#### Data segment ####

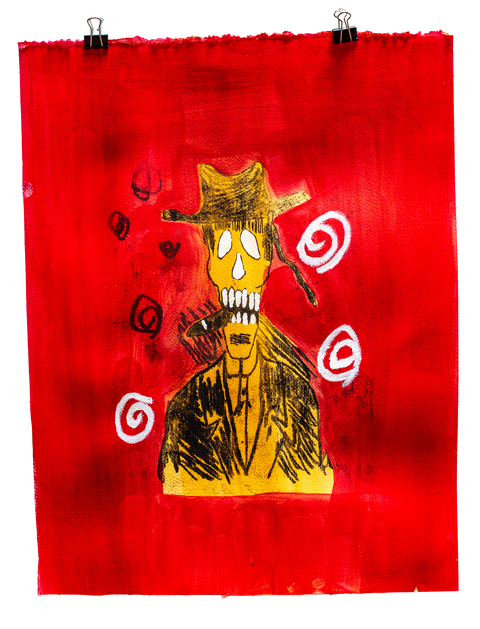 Manuel Manilla — Broadsheet Relating to the Skeleton 2 from Guadalajara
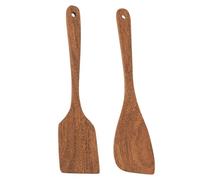 Multipurpose Kitchen Spatula, Portable Cooking Utensil, Hard Wooden Spatula, High-Quality Multipurpose Wooden Cooking Spatula with Comfortable Grip for Frying Eggs, Pancakes, Fish, and Potatoes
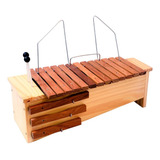 Xilofone Orff Vibratom Afinado Dó (c) Contralto 13 Teclas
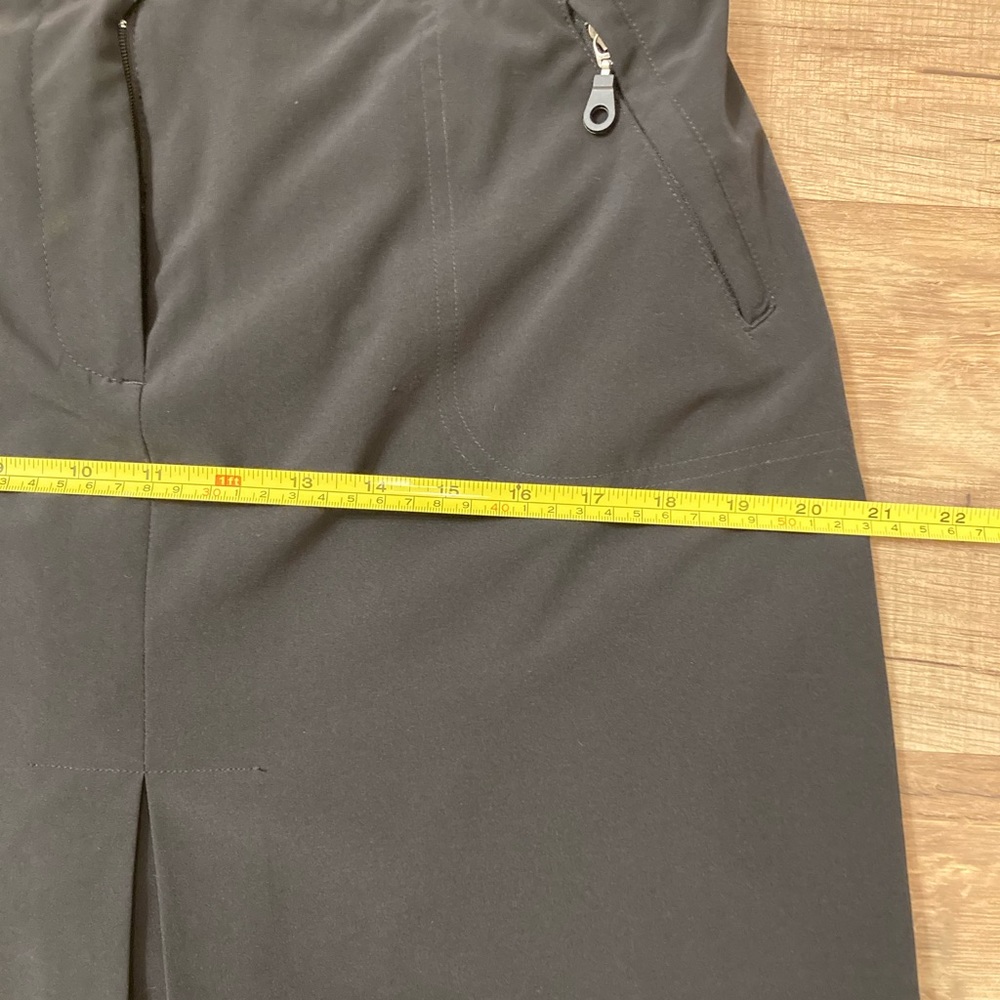 Zenergy By Chico’s | NWOT Women’s Athletic Black Skort - Picture 10 of 10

####

## [Exercise prompt]
Retyping should start at the first line of the data above and stop after the line with "Multipurpose Kitchen Spatula, Portable", and no picture should be included.

## [Written answer]
 Manuel Manilla — Broadsheet Relating to the Skeleton 2 from Guadalajara
 Multipurpose Kitchen Spatula, Portable Cooking Utensil, Hard Wooden Spatula, High-Quality Multipurpose Wooden Cooking Spatula with Comfortable Grip for Frying Eggs, Pancakes, Fish, and Potatoes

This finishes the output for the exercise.